Il Crocifisso di Santa Croce

Nel 1284, Cimabue dipinse un Crocifisso per i francescani di Santa Croce a Firenze. L’opera fu commissionata probabilmente lo stesso anno in cui si progettò la chiesa che l’avrebbe accolta: a quell’epoca era costume, infatti, concepire insieme architettura e arredo liturgico. Era la seconda volta che l’artista realizzava una croce lignea, dopo la prova del 1270.

Cimabue, Crocifisso di Santa Croce, 1284 ca., prima dell’alluvione del 1966. Tempera su tavola, 4,48 x 3,90 m. Firenze, Museo dell’Opera di Santa Croce.

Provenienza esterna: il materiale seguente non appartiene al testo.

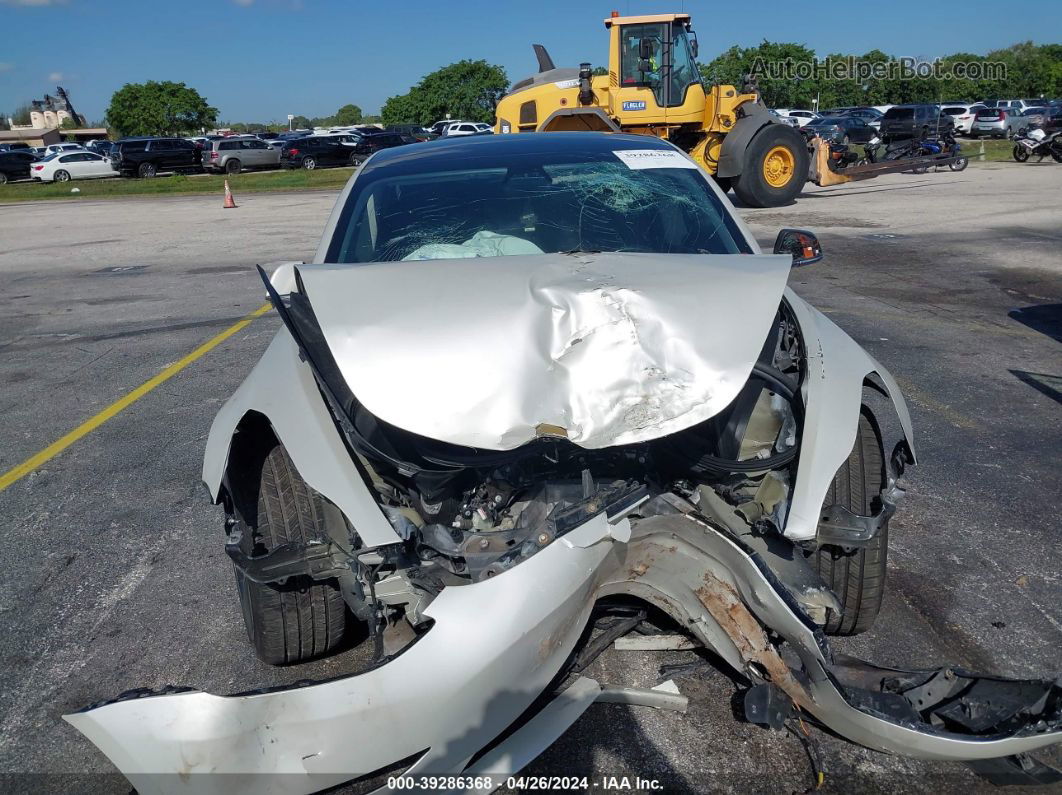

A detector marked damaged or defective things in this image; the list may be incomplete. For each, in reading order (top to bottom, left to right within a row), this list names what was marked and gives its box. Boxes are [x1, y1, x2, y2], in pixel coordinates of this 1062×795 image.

shattered windshield [322, 144, 747, 262]
crumpled fender [200, 326, 399, 547]
crushed car hood [295, 251, 794, 450]
wrecked white car [68, 133, 1062, 789]
crumpled fender [785, 288, 917, 543]
detached bumper cover [68, 511, 1062, 789]
damaged front bumper [68, 509, 1062, 793]
rust stain on metal [696, 573, 811, 709] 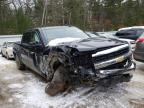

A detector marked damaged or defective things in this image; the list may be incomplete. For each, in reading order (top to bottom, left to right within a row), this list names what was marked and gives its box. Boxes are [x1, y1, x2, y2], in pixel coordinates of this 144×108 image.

damaged black truck [12, 26, 136, 95]
crushed front end [71, 43, 136, 83] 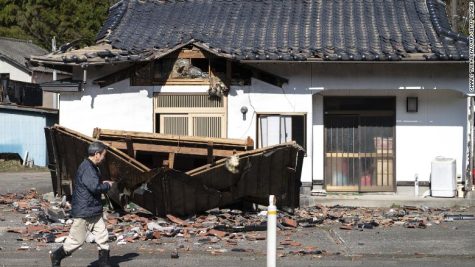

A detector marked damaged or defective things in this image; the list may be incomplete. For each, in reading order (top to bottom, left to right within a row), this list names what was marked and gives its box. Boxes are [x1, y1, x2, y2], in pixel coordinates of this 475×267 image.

damaged building [30, 0, 472, 203] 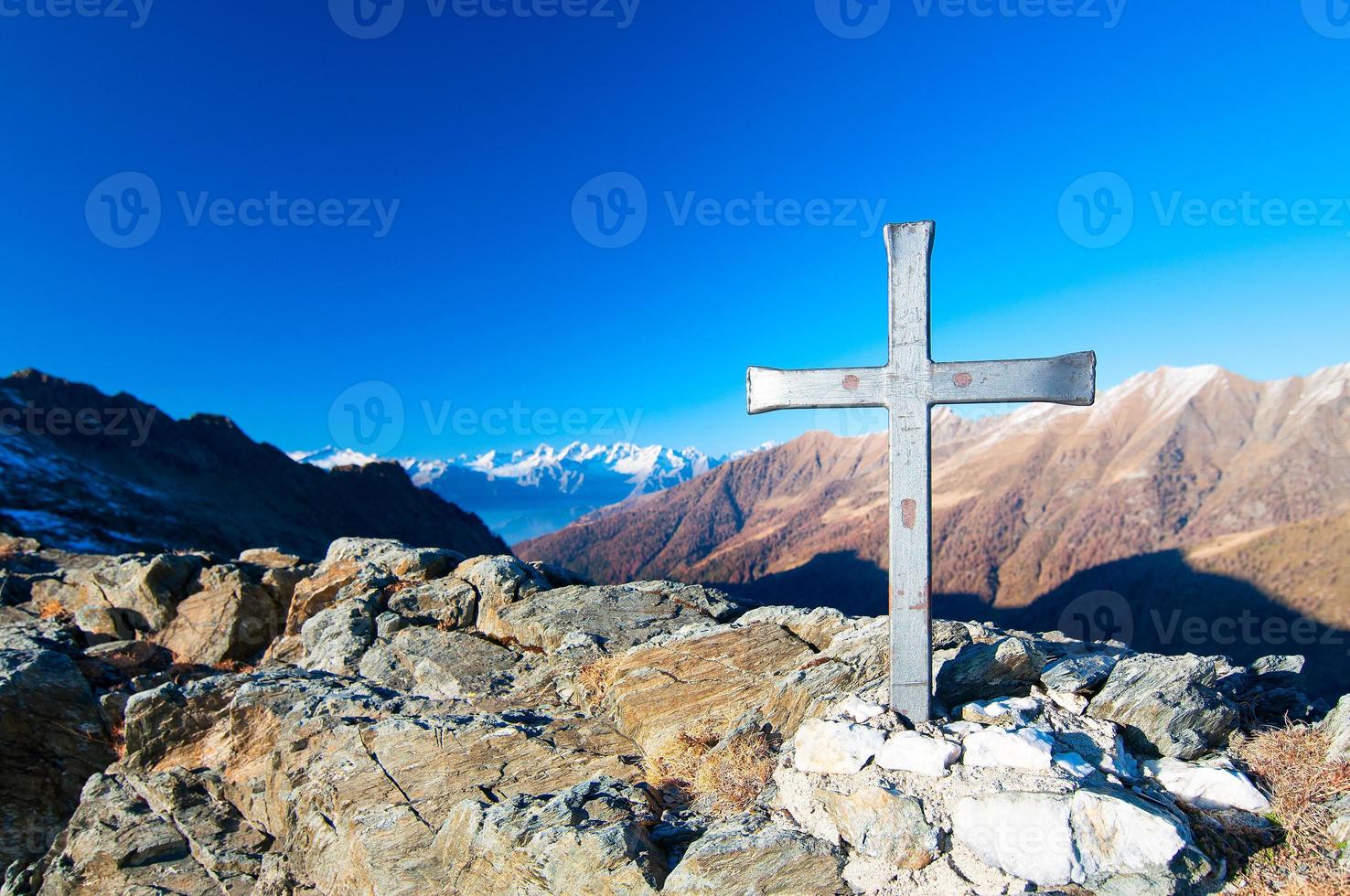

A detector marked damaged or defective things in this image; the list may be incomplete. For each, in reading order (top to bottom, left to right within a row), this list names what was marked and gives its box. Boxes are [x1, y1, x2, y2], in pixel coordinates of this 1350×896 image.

Aveva maturato 14 anni di esperienza e di ricerca, e i risultati sono evidenti. Gesù ha il volto reclinato e gli occhi chiusi; il suo corpo, definito anatomicamente da morbidi passaggi chiaroscurali, è mollemente inarcato lungo il braccio verticale, rispettando, ancora, il tipo consolidato del Christus Patiens. Nonostante le evidenti analogie con la sua prova precedente, osserviamo che il Crocifisso di Santa Croce si pone al traguardo di un faticoso percorso artistico e umano.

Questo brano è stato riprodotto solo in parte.